USR3077 Institut de recherche sur le Maghreb contemporain (IRMC)

16 octobre 2009

 

 

Un programme de recherche pluridisciplinaire international, soutenu par le ministère des Affaires étrangères, vient de donner lieu à une publication qui vise à mieux saisir la réalité sociologique des transformations de l’enseignement supérieur au Maghreb, et à contribuer à une approche critique de la notion de mondialisation.

 

La clôture d’un programme de recherche pluridisciplinaire international, soutenu par le ministère des Affaires étrangères, dans le cadre d’un Fonds de solidarité prioritaire (FSP) à l’appui des recherches en Sciences humaines et sociales entre le Maghreb et la France, et coordonné par la Fondation Maison des sciences de l’homme de Paris, vient de donner lieu, après quatre années de collaboration, à une publication scientifique : La mondialisation étudiante.
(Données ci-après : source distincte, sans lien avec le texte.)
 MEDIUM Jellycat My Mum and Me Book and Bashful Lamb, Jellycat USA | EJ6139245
Le Maghreb entre Nord et Sud (IRMC-Karthala).


La collaboration de sociologues, d’anthropologues, d’économistes et de géographes, spécialistes soit de la migration internationale, soit de la sociologie de l’éducation ou de la politique/économie publique, de Tunisie, du Maroc, d’Algérie et de France, a permis de pouvoir répondre à une double préoccupation : mesurer l’évolution récente de la migration étudiante au Maghreb ; analyser les politiques publiques d’accueil des étudiants étrangers, au Maghreb et en France, dans les systèmes universitaires (privés et publics) au moment d’une réforme européenne de l’enseignement supérieur (processus de Bologne, LMD).
Le programme a cherché à corréler ces deux récentes évolutions autour de la question plus large de l’internationalisation de l’enseignement supérieur au Maghreb : comment est-elle pensée par les acteurs institutionnels publics et privés au moment du LMD ? quelles formes prend-elle dans chacun des pays et à l’intérieur des universités ? quels types de circulation de l’étudiant étranger  permet-elle ?
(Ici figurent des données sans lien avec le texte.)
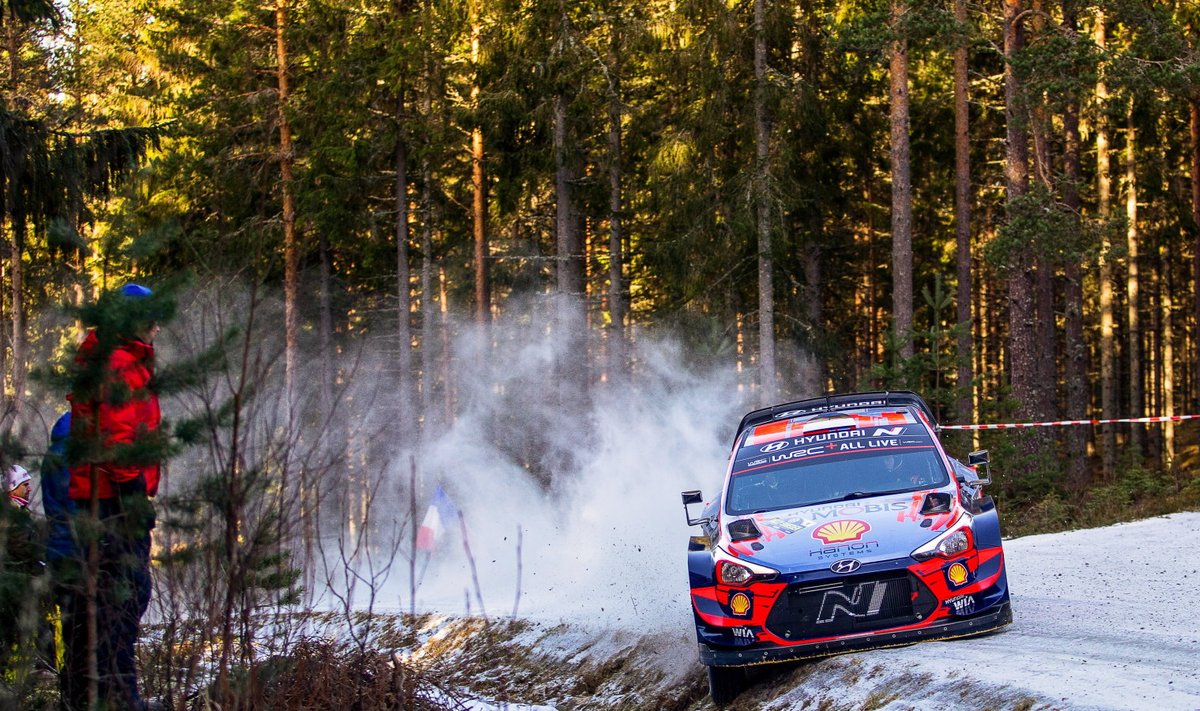 Ott Tänak mullusel Rootsi rallil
Les résultats de cette enquête, publiés dans La mondialisation étudiante. Le Maghreb entre Nord et Sud, montrent que les transformations qui affectent l’enseignement supérieur des pays du Maghreb, et le parcours de ses étudiants, sont prises dans une double évolution.
D’une part, à l’heure de la difficile mise en place d’un espace euro-méditerranéen, quinze ans après la déclaration de Barcelone, les pays du Maghreb, Maroc et  Tunisie en tête, infléchissent leur balance migratoire, et de pays d’émigration tendent à devenir aussi pays d’immigration, affermissant leur rôle de partenaires vis-à-vis de l’Europe et d’attraction vis-à-vis de l’Afrique. D’autre part, on assiste depuis une dizaine d’années, et sur des modes divers selon les pays, à une renégociation de la place de l’Etat et de son contrôle politique sur la société dont la privatisation n’est paradoxalement pas l’obstacle mais le levier. C’est ce que nous avons appelé ici, pour le Maghreb,  la libéralisation d’Etat. La pression normative des instances internationales peut être ainsi comprise comme un prétexte invoqué par les gouvernements pour mettre en place des réformes qui sont moins destinées à libéraliser le système éducatif qu’à en contrôler la crise. Ainsi peut-on aussi comprendre que la fuite des cerveaux, version postcoloniale du pillage économique « libérale », puisse être renversée par les politiques gouvernementales maghrébines en valorisation sur le marché international des meilleurs « produits » locaux ou encore que la privatisation de certaines filières universitaires permette, entre autres, une politique publique d’accueil d’une élite étrangère, essentiellement subsaharienne. Détonante alliance d’immigration sélective et d’émigration choisie.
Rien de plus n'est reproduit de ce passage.